Thursday, May 25, 2017
By Jillian Kestler-D’Amours, Truthout | Report
photo above: Indigenous activists march with allies in the Tar Sands Healing Walk in northern Alberta, Canada. (Photo: Velcrow Ripper)
The struggle is interminable – and sometimes what to do intangible. What is suggested here and below is hopeful and doable.
an excerpt:
Earlier this month, the Treaty Alliance, alongside a coalition of other Indigenous groups, launched a new campaign to divest from banks that are funding four tar sands pipeline projects coming out of Canada, as well as the Dakota Access pipeline in North Dakota.
Organizers hope to put pressure on Energy Transfer Partners (a US oil company), and on the three companies involved in the Canadian tar sands pipelines: TransCanada, which owns the Keystone XL and Energy East pipelines; Kinder Morgan, which recently got a green light to expand the Trans Mountain pipeline from Alberta to British Columbia; and Enbridge, which plans to replace the Line 3 pipeline, which runs between Alberta and Wisconsin.
There are 64 banking institutions that fund at least one of the projects on the full divestment list, but 17 banks that fund the Dakota Access pipeline and all four pipelines from Canada have been specifically targeted. These include Bank of America, JPMorgan Chase, Deutsche Bank, Barclays, Bank of Montreal, Scotiabank and Wells Fargo.
The campaign is pushing the banks to stop funding the pipeline projects altogether, and develop ethically sound banking policies.
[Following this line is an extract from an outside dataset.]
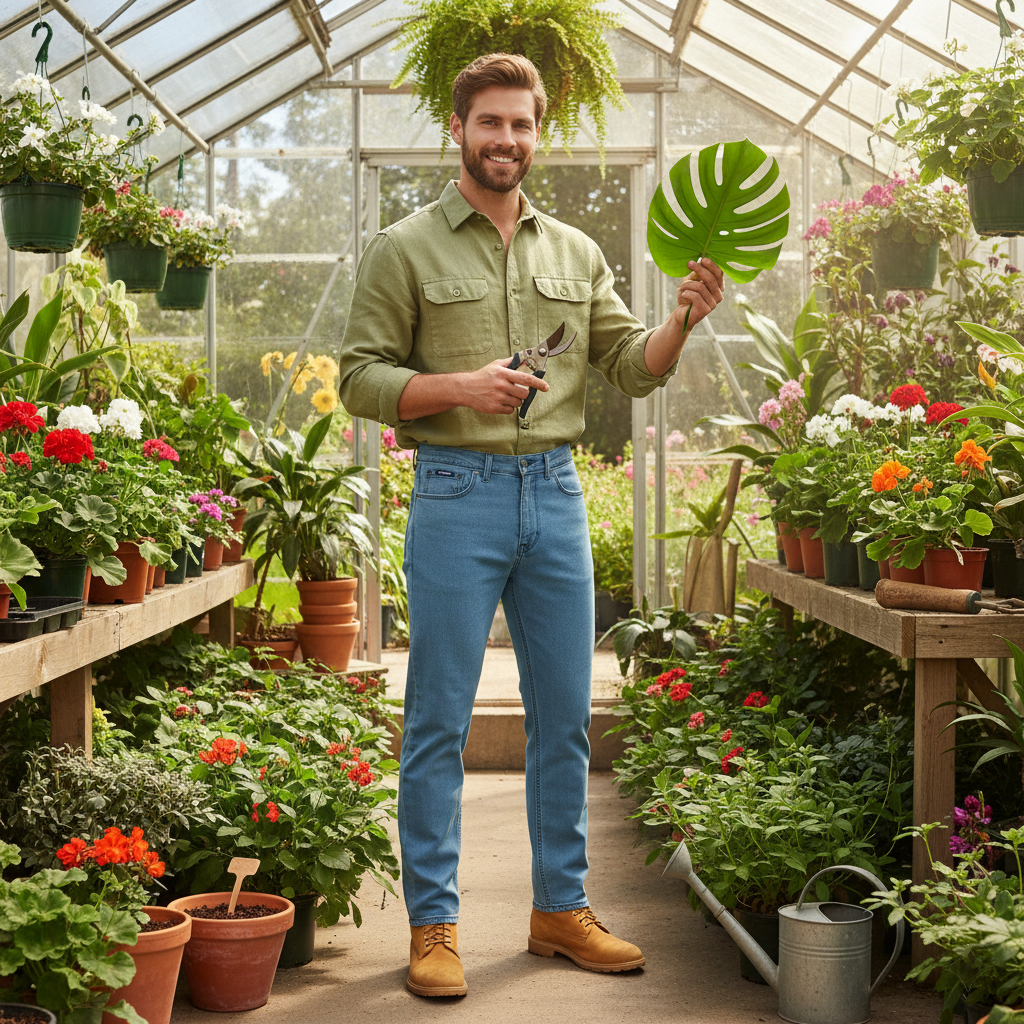 شلوار جین راسته مردانه رانگلر  رنگ آبی روشن  با نخ دوخت همرنگ مدل JR-ARH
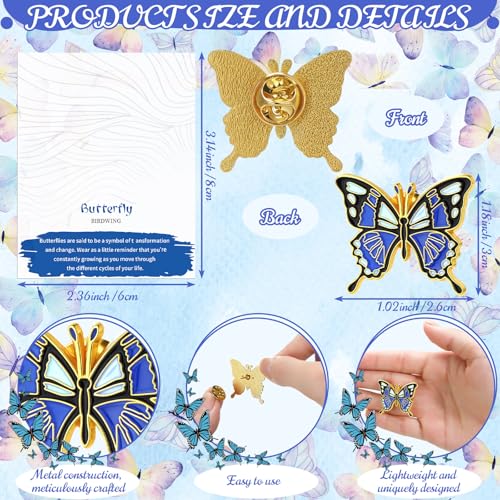 60 Sets Funeral Favors for Guests Butterfly Enamel Lapel Pins with Prayer Poem Memorial Cards Celebration of Life Gifts - color: Blue, style: Classic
It is also calling on “neighbors, elected officials, and pension managers to close all accounts with these banks unless they immediately stop financing tar sands pipelines.” A petition with those demands has garnered more than 95,000 signatures to date.
Nepinak explained that the campaign is working to educate people about how their money is used.
“When you put your money in the bank, it’s not just going to sleep; that money is actually being used to invest in projects that you may not agree with,” Nepinak said. “People need to be aware of that. People need to be aware of where their banks are sending their money.”
The tar sands in western Canada are one of the most resource-intensive oil extraction systems, and one of the largest greenhouse gas emitters in the world. The extraction process releases between 18 percent and 21 percent more carbon into the atmosphere than the extraction of conventional crude oil in the United States, according to a recent study.